So how much more margin requirement is required with every 1% decrease in gold prices?

R
Rajesh Sharma
executive

If the gold prices increase 1%...

U
Unknown Analyst

Decrease, decrease.

R
Rajesh Sharma
executive

Decrease. If they decrease 1%, and our LTV is 0.75, then 75% of that amount, our LTV will increase. And to that, actually, either the LTV should remain within the acceptable range and we have to recover from the customer. And being these are the customers in the range of [indiscernible] about INR 90,000. So the impact that way, time to recovery is very, very low.

U
Unknown Analyst

Okay. Just a last question from my side now. With the new fundraising, which we have done, what would be the impact on our book value?

R
Rajesh Sharma
executive

It's pretty mature to say because it depends on what quantum and what shape and when you raise. And it is just enabling provision, we have yet to take shareholder approval and also discuss various options. And then we decide which option, which instrument and what point will we be finally doing.

U
Unknown Analyst

Okay. So just a follow-up on that.
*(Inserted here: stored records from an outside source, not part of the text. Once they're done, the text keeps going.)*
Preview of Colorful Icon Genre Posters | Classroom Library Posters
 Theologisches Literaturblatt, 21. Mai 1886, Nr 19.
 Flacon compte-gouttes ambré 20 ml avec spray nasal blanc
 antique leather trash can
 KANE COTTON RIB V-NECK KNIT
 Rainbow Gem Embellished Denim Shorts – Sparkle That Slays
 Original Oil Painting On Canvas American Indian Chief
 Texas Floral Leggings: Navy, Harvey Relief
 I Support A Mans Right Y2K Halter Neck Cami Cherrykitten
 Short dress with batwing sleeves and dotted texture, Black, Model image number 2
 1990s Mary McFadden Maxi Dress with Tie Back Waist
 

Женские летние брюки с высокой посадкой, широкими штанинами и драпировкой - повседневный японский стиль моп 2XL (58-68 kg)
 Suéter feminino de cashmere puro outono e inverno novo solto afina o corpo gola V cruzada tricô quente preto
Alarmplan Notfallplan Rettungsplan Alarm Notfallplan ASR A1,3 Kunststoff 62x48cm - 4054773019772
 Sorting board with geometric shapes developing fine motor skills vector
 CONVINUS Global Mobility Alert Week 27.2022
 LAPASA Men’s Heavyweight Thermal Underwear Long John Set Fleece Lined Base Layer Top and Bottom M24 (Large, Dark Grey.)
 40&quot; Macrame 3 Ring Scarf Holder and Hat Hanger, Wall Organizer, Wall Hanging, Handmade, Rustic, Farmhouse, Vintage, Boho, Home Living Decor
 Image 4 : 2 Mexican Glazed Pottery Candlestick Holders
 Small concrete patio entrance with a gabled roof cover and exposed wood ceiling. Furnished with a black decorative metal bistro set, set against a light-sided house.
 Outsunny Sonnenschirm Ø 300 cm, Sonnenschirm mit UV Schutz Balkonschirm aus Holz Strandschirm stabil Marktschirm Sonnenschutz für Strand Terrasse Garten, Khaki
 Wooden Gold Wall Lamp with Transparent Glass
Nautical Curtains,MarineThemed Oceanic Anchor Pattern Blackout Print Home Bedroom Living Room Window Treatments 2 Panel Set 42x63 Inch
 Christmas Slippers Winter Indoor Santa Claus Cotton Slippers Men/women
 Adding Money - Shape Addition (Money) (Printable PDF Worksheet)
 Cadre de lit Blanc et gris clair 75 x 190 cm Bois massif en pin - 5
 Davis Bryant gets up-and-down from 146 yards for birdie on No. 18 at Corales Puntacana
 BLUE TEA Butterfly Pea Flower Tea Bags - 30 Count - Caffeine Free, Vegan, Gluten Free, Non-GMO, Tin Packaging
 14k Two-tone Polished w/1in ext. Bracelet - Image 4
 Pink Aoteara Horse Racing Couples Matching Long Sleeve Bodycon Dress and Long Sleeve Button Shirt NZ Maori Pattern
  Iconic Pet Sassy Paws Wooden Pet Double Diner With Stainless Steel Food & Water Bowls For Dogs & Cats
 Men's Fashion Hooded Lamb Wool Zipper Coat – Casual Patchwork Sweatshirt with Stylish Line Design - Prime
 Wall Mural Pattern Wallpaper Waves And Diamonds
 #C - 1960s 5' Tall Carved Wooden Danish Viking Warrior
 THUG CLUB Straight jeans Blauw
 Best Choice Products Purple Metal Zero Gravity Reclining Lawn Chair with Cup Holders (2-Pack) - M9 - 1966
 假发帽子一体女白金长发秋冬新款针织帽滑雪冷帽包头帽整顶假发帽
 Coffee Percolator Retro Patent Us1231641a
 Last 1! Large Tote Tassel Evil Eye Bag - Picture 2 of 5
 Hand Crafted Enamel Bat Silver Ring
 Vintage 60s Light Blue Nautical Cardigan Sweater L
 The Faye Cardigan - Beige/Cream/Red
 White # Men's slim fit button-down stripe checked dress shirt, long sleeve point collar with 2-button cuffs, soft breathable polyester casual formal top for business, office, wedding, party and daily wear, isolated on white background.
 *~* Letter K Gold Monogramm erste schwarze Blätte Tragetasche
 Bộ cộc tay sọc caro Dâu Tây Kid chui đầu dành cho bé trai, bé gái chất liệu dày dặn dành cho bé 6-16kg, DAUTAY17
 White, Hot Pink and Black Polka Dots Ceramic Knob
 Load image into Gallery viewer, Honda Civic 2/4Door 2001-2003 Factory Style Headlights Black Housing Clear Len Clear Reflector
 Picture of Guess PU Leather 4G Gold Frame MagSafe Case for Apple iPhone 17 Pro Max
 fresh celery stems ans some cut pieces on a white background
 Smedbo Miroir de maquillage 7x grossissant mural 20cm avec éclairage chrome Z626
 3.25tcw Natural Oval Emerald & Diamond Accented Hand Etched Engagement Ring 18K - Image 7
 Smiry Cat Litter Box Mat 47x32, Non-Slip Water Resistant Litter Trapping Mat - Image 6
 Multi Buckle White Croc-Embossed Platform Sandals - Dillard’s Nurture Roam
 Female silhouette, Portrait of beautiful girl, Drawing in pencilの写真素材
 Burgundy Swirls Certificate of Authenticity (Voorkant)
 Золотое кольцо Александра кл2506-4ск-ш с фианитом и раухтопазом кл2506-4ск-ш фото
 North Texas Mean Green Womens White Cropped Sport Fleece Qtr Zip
So in case if you're going for preferential warrants or maybe preferential equity. We, as investors, retail investors, can -- or institutions, can we also participate? And whom do we have to contact if that is the case?

R
Rajesh Sharma
executive

As I said, we have not yet clear what instrument and what time it will be. So if anyway it happens, that will be, in any case, will be disclosed to the stock exchanges in time to time various announcement. But in this moment, we are not yet clear and no further progress has been done till the -- after the shareholder's approval.

U
Unknown Analyst

I'm sure. But if there is a participation from proprietary houses like us, then what is the point of contact of the company?

R
Rajesh Sharma
executive

I think this -- as l said, whenever the [indiscernible] this, everybody will be informed via [indiscernible] announcement and various other ways.

U
Unknown Analyst

Okay, sir. I'll contact you regarding this again.

Operator

[Operator Instructions] The next question is from the line of Ajit Kaushal from Royal Global University.

A
Ajit Kaushal
analyst

Yes. I am late joining to this particular conference. Can you let me know, my question is regarding the FX impairments from this sector from maximum asset impairments you are looking...

R
Rajesh Sharma
executive

Yes, this -- actually, this includes 2 part: one is the ECL and the other one is -- so ECL is a provisioning expected credit loss and the other one is write-off. So there is almost INR 28 crores of write-off in the rest of [indiscernible].

A
Ajit Kaushal
analyst

Okay. Yes. Another part of my question is again, related to the asset impairment. So most of the write-off on nonperforming assets, it is coming from MSME or gold loan or housing? From which sector...

R
Rajesh Sharma
executive

So it is more from the construction financial. It's a technical write-off.

A
Ajit Kaushal
analyst

What is the meaning of technical write-off. What is meant by technical write-off?

R
Rajesh Sharma
executive

So recovery will continue. The efforts for the recovery will remain continue. It's not like that it's a completely write-off -- so technically, we have taken the impact. But yes, definitely, our efforts will remain continue.

A
Ajit Kaushal
analyst

Okay. Okay. So may I ask what you are expecting, to what percent you will be able to recover, if you can have any kind of estimate regarding that?

R
Rajesh Sharma
executive

Almost 80%, 90% we'll be able to recover.

A
Ajit Kaushal
analyst

Okay. Out of this INR 28 crores?

R
Rajesh Sharma
executive

Yes.

A
Ajit Kaushal
analyst

Yes. What -- I missed something, sir, because of the voice disruption, sir. What about the rest of the INR 18 crores? I think, if I'm right, I saw it is INR 46 crores around the assets impairment.

R
Rajesh Sharma
executive

Yes, provision on the assets.

A
Ajit Kaushal
analyst

But the rest of the INR 18 crores is provisions?

R
Rajesh Sharma
executive

More or less, yes.

H
Hardik Doshi
executive

Yes, rest of the INR 18 crores is actually provisioned. As a part of normal course of business, when the loan book or the book rolls, AUM rolls, as an NBFC business, they will have to continue to make provisions also against that. So that's a normal course of the business. So that INR 18 crore is a ECL provision and INR 28 crores is onetime write-off, which sir also mentioned earlier.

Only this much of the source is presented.